*** Opening of DATA ***
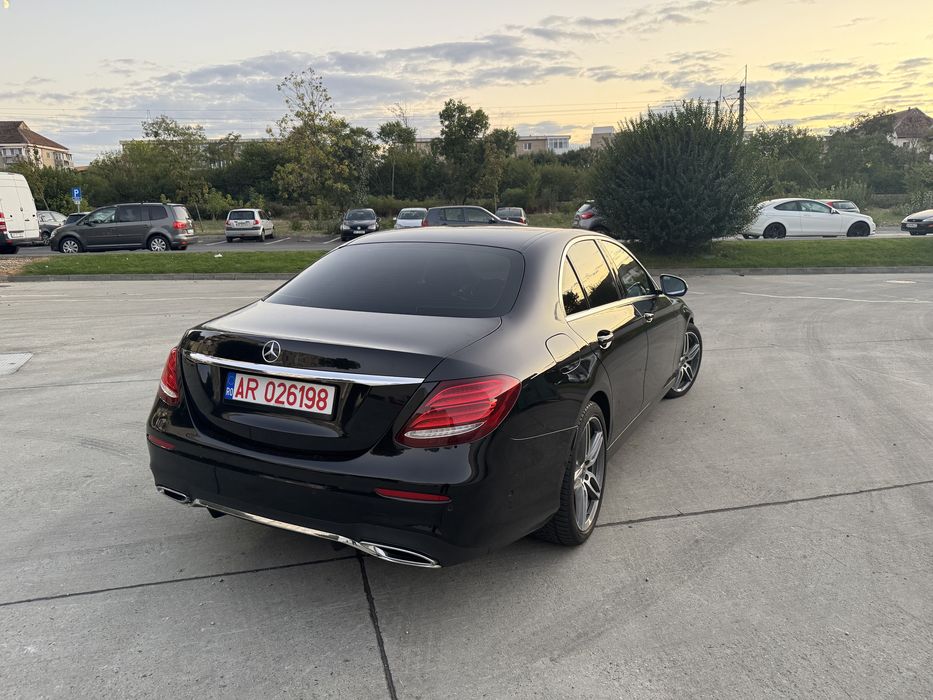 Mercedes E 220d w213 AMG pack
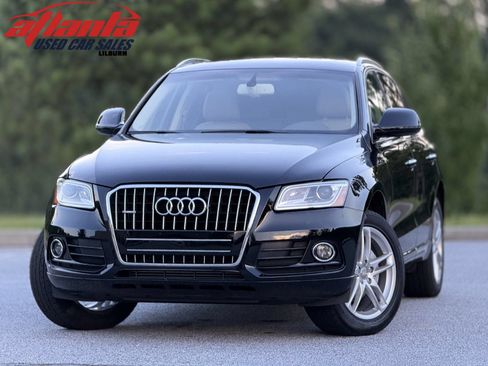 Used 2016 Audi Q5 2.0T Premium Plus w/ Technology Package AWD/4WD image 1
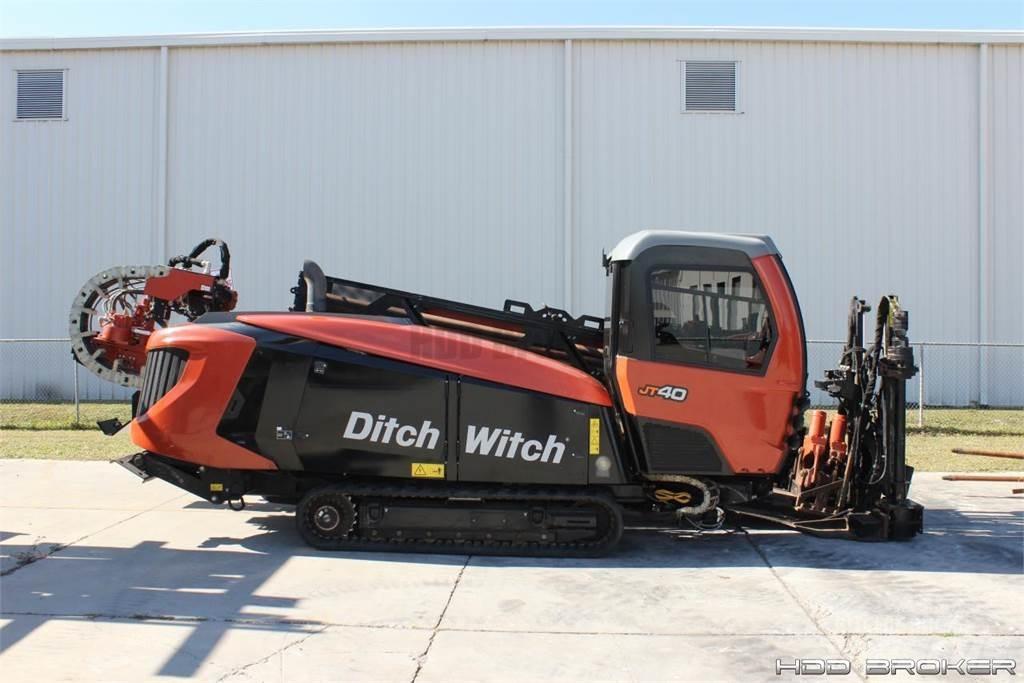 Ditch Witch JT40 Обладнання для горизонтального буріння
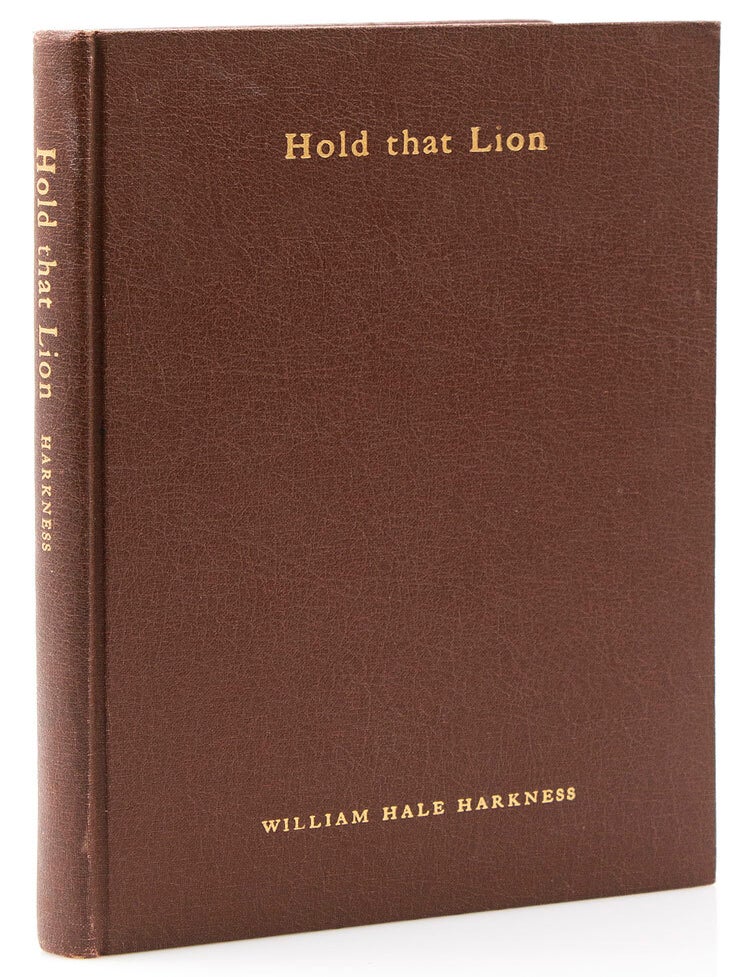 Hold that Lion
*** Close of DATA ***
▸ PROBLEM STATEMENT: Leave the pictures aside. Set down exactly the lines from the one with "Used 2016 Audi" through the final line of the listing above.

▸ ANSWER SECTION:
 Used 2016 Audi Q5 2.0T Premium Plus w/ Technology Package AWD/4WD image 1
 Ditch Witch JT40 Обладнання для горизонтального буріння
 Hold that Lion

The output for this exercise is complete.